42 F.3d 1404, 1994 U.S. App. LEXIS 39607, 1994 WL 650040
CourtCourt of Appeals for the Ninth Circuit
DecidedNovember 16, 1994
Docket93-10638
StatusUnpublished

This text of 42 F.3d 1404 (United States v. Mark Anthony Spencer) is published on Counsel Stack Legal Research, covering Court of Appeals for the Ninth Circuit primary law. Counsel Stack provides free access to over 12 million legal documents including statutes, case law, regulations, and constitutions.

Bluebook
United States v. Mark Anthony Spencer, 42 F.3d 1404, 1994 U.S. App. LEXIS 39607, 1994 WL 650040 (9th Cir. 1994).

Opinion

42 F.3d 1404

NOTICE: Ninth Circuit Rule 36-3 provides that dispositions other than opinions or orders designated for publication are not precedential and should not be cited except when relevant under the doctrines of law of the case, res judicata, or collateral estoppel.
UNITED STATES of America, Plaintiff-Appellee,
v.
Mark Anthony SPENCER, Defendant-Appellant.

No. 93-10638.

United States Court of Appeals, Ninth Circuit.

Argued and Submitted Oct. 3, 1994.
Decided Nov. 16, 1994.

Before: PREGERSON, WIGGINS, Circuit Judges, and LEW*, District Judge.

MEMORANDUM**

OVERVIEW

Mark Anthony Spencer was charged with setting fire to his apartment at the Sunrise Arms Apartments on June 14, 1992, in violation of 18 U.S.C. Sec. 844(i). Spencer appeals his jury conviction based on three evidentiary rulings by the district court. We have jurisdiction pursuant to 28 U.S.C. Sec. 1291, and we affirm.

FACTS

In early June 1992, the manager of the Sunrise Arms Apartments began eviction proceedings against Spencer, who was behind on his rent payments. During the eviction process, Spencer verbally assaulted and threatened the apartment manager, his wife, and the constable who served the eviction notice. Hours after the eviction notice was posted, Spencer's apartment was set on fire.

The government's case against Spencer included testimony by the fire investigator assigned to the case. She stated that she was "certain" the fire had been set intentionally because burn patterns indicated it had started in three separate places--on top of the bed, couch, and a chair--and an accelerant had been used. The government's case also included testimony that Spencer had threatened to burn the apartment; testimony that Spencer telephoned the manager a few days after the fire and admitted that he had started it; and two audio taped telephone conversations between a person identified as Spencer and a confidential informant ("CI"), which contained inculpatory statements by Spencer. The CI did not testify at trial.1

Spencer pled not guilty. He argued alternatively that others besides him had a motive to set the fire, or that the condition of the apartment contributed to the fire. Spencer called another tenant who testified to the poor conditions of the apartments. He tried to introduce two video taped news stories that described the poor conditions of the apartments, but the district court ruled the tapes inadmissible. The tapes included interviews with tenants who pointed out defects in their apartments to the news reporters, and an interview with the apartment manager who stated that the tenants were sabotaging their own apartments. The video tapes were made several months after the fire and did not mention the fire at all.

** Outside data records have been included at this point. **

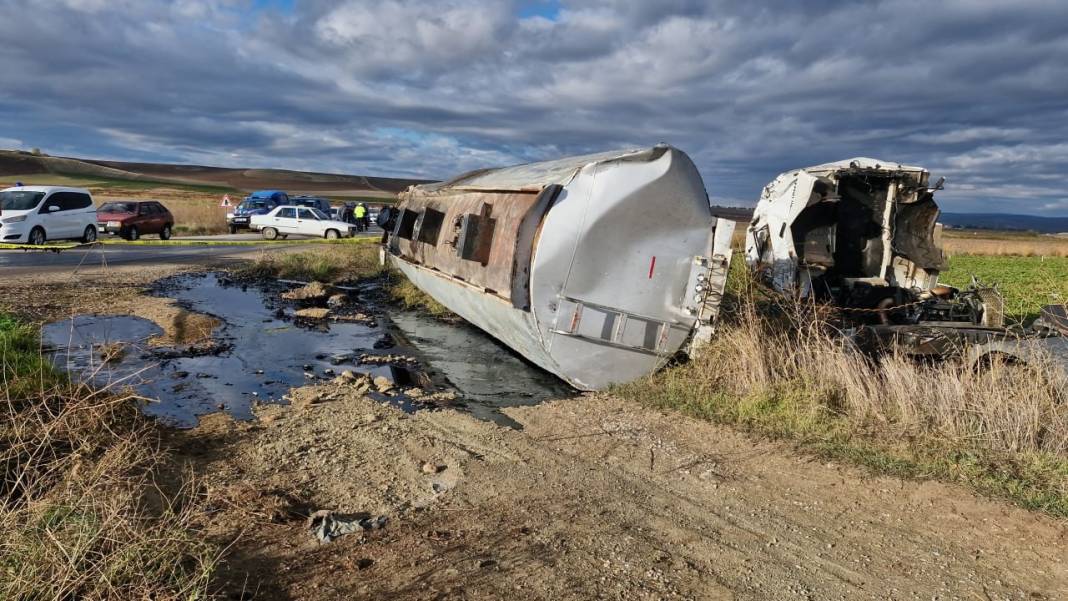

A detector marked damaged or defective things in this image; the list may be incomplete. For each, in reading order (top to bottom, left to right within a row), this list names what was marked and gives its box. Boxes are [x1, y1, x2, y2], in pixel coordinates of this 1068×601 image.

broken vehicle part [386, 145, 736, 390] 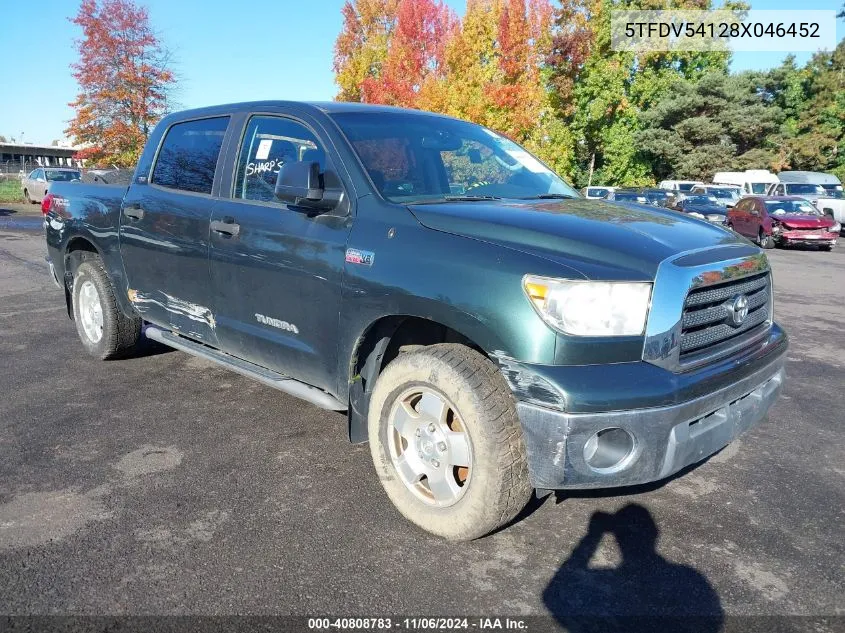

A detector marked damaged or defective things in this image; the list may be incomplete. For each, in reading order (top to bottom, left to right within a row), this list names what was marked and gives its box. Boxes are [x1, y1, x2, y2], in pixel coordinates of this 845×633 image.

red damaged car [724, 195, 836, 249] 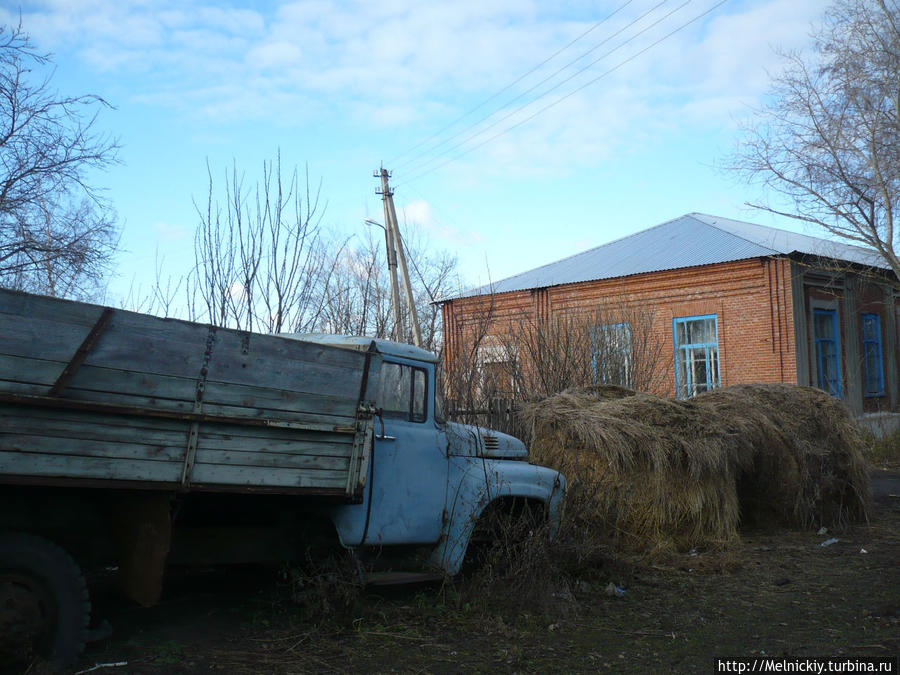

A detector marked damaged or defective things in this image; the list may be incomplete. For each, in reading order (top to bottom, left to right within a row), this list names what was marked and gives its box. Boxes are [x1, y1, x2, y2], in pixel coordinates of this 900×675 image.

rusty metal bracket [48, 308, 114, 396]
rusty metal bracket [180, 326, 219, 488] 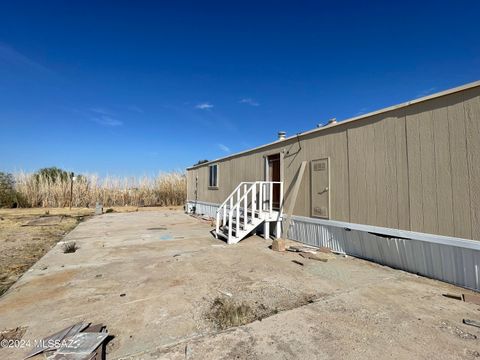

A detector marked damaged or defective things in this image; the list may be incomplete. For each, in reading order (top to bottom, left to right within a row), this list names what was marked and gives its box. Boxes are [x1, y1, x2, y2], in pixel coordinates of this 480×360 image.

cracked concrete [0, 210, 480, 358] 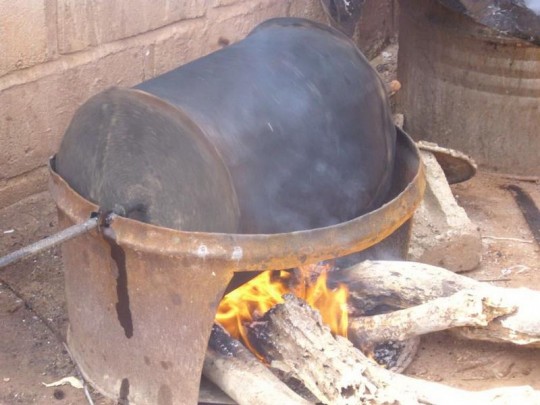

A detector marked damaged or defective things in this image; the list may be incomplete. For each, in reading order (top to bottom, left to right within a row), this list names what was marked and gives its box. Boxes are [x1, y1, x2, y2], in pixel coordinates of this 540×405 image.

rusted metal sheet [396, 0, 540, 174]
rusted metal sheet [48, 128, 424, 402]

At the jury's request, the two audio taped conversations were replayed twice during deliberations, under court supervision.2 The jury returned a verdict against Spencer and the judge sentenced him to 110 months imprisonment, followed by a three-year term of supervised release, and ordered Spencer to pay $13,754.07 in restitution.

DISCUSSION

I. STANDARD OF REVIEW

This court reviews alleged errors in a district court's evidentiary rulings for abuse of discretion. United States v. Blaylock, 20 F.3d 1458, 1462 (9th Cir.1994). Even if this court would reach a different conclusion, the district court's decision will not be overturned absent "a definite and firm conviction that the court below committed a clear error of judgment in the conclusion it reached." United States v. Plainbull, 957 F.2d 724, 725 (9th Cir.1992). Spencer's constitutional challenges are reviewed de novo. See United States v. George, 960 F.2d 97, 99 (9th Cir.1992) (Confrontation Clause challenge).

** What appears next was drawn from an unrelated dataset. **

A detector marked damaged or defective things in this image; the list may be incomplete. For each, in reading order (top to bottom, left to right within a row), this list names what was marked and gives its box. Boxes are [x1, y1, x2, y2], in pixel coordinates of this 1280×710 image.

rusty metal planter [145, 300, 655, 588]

II. ADMISSIBILITY OF THE AUDIO TAPE RECORDINGS

Spencer objects to the district court's admission of the two audio taped conversations. He argues that the audio tapes were inadmissible as "prior bad acts" evidence and as hearsay. He also argues that admission of the tapes without calling the CI as a witness violated his Sixth Amendment right to confront witnesses against him.

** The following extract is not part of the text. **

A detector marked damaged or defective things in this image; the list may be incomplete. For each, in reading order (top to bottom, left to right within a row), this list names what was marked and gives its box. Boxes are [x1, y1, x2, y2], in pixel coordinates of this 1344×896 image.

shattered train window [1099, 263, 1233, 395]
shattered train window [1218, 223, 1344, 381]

The audio tapes contain incriminating statements by a speaker identified as Spencer. The district court therefore could conclude that Rule 404(b) did not apply because the statements were party admissions and not evidence of other acts or crimes. See United States v. Bibo-Rodriguez, 922 F.2d 1398, 1401 (9th Cir.) (distinguishing "other act" evidence from party admissions), cert. denied, 501 U.S. 1234 (1991). The district court also could conclude that neither Spencer's nor the CI's statements were inadmissible hearsay. Federal Rule of Evidence 801(d)(2)(A) provides that party admissions are not hearsay, and a CI's statements admitted for "context" and not for their truth also are not hearsay. See United States v. Whitman, 771 F.2d 1348, 1352 (9th Cir.1985).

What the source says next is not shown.